Compute Hungarian algorithm on a weighted bipartite graph.

The Hungarian algorithm computes an assigment of “jobs” to “workers”. This function accepts a weighted graph and a vertex list identifying the “workers”. The weights in the weighted graph identify the cost of assigning a particular job to a worker. The algorithm computes a minimum cost assignment and returns the cost as well as a vector identifying the assignment.

Throws:

cugraph::logic_error – when an error occurs.

Template Parameters:
  • vertex_t – Type of vertex identifiers. Supported value : int (signed, 32-bit)

  • edge_t – Type of edge identifiers. Supported value : int (signed, 32-bit)

  • weight_t – Type of edge weights. Supported values : float or double.

Parameters:
  • handle[in] Library handle (RAFT). If a communicator is set in the handle,

  • graph[in] cuGRAPH COO graph

  • num_workers[in] number of vertices in the worker set

  • workers[in] device pointer to an array of worker vertex ids

  • assignments[out] device pointer to an array to which the assignment will be written. The array should be num_workers long, and will identify which vertex id (job) is assigned to that worker

  • epsilon[in] parameter to define precision of comparisons in reducing weights to zero.

template<typename vertex_t, typename weight_t>
weight_t hungarian(raft::handle_t const &handle, weight_t const *costs, vertex_t num_rows, vertex_t num_columns, vertex_t *assignments)#

Compute Hungarian algorithm on a weighted bipartite graph.

The Hungarian algorithm computes an assigment of “jobs” to “workers”. This function accepts a weighted graph and a vertex list identifying the “workers”. The weights in the weighted graph identify the cost of assigning a particular job to a worker. The algorithm computes a minimum cost assignment and returns the cost as well as a vector identifying the assignment.

Throws:

cugraph::logic_error – when an error occurs.

Template Parameters:
  • vertex_t – Type of vertex identifiers. Supported value : int (signed, 32-bit)

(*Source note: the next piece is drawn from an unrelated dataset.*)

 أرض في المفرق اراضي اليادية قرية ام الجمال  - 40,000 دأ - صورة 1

  • weight_t – Type of edge weights. Supported values : float or double.

Parameters:
  • handle[in] Library handle (RAFT). If a communicator is set in the handle,

  • costs[in] pointer to array of costs, stored in row major order

  • num_rows[in] number of rows in dense matrix

  • num_cols[in] number of cols in dense matrix

  • assignments[out] device pointer to an array to which the assignment will be written. The array should be num_cols long, and will identify which vertex id (job) is assigned to that worker

template<typename vertex_t, typename weight_t>
weight_t hungarian(raft::handle_t const &handle, weight_t const *costs, vertex_t num_rows, vertex_t num_columns, vertex_t *assignments, weight_t epsilon)#

Compute Hungarian algorithm on a weighted bipartite graph.

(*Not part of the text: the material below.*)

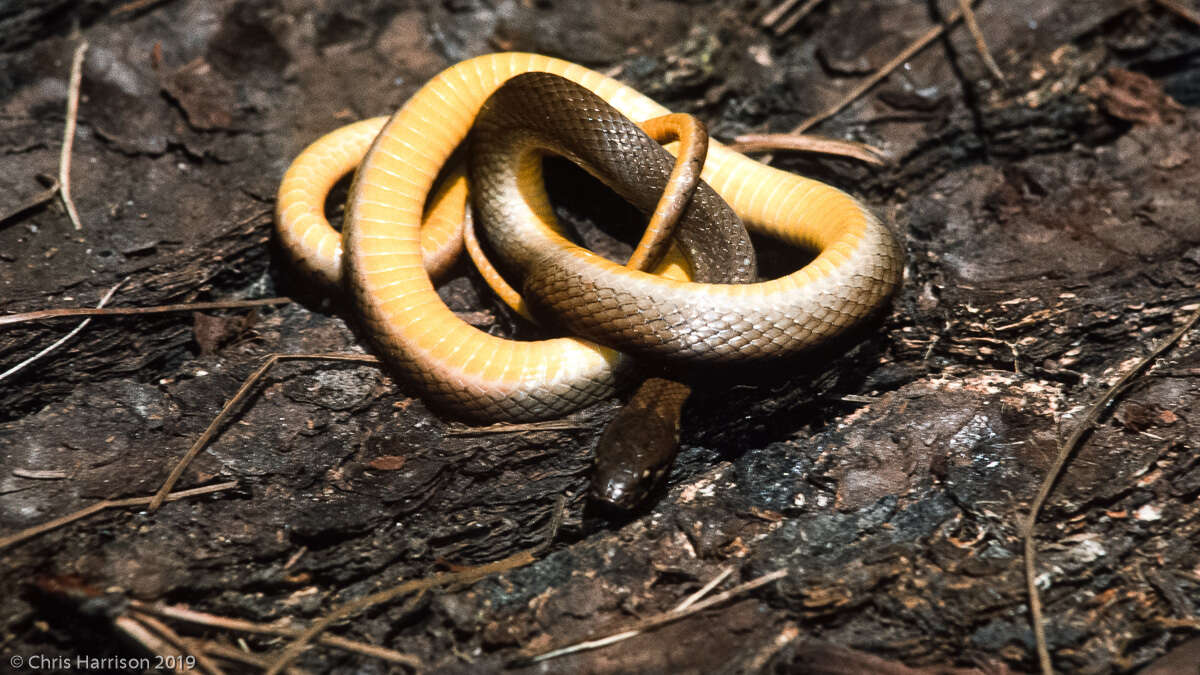 Image of Hempstead´s pine woods snake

The Hungarian algorithm computes an assigment of “jobs” to “workers”. This function accepts a weighted graph and a vertex list identifying the “workers”. The weights in the weighted graph identify the cost of assigning a particular job to a worker. The algorithm computes a minimum cost assignment and returns the cost as well as a vector identifying the assignment.

Throws:

cugraph::logic_error – when an error occurs.

Template Parameters:
  • vertex_t – Type of vertex identifiers. Supported value : int (signed, 32-bit)

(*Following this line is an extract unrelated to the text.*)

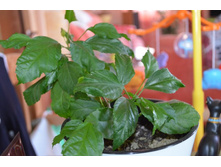 �������� Capitolio Teguila Sunrise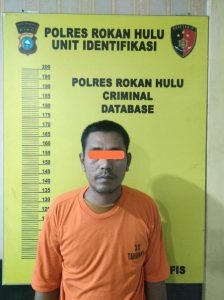 DPO Pelaku Perampokan Bersenjata api Berhasil Diringkus Oleh Team Resmob Polres Rokan hulu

  • weight_t – Type of edge weights. Supported values : float or double.

Parameters:
  • handle[in] Library handle (RAFT). If a communicator is set in the handle,

  • costs[in] pointer to array of costs, stored in row major order

  • num_rows[in] number of rows in dense matrix

  • num_cols[in] number of cols in dense matrix

  • assignments[out] device pointer to an array to which the assignment will be written. The array should be num_cols long, and will identify which vertex id (job) is assigned to that worker

  • epsilon[in] parameter to define precision of comparisons in reducing weights to zero.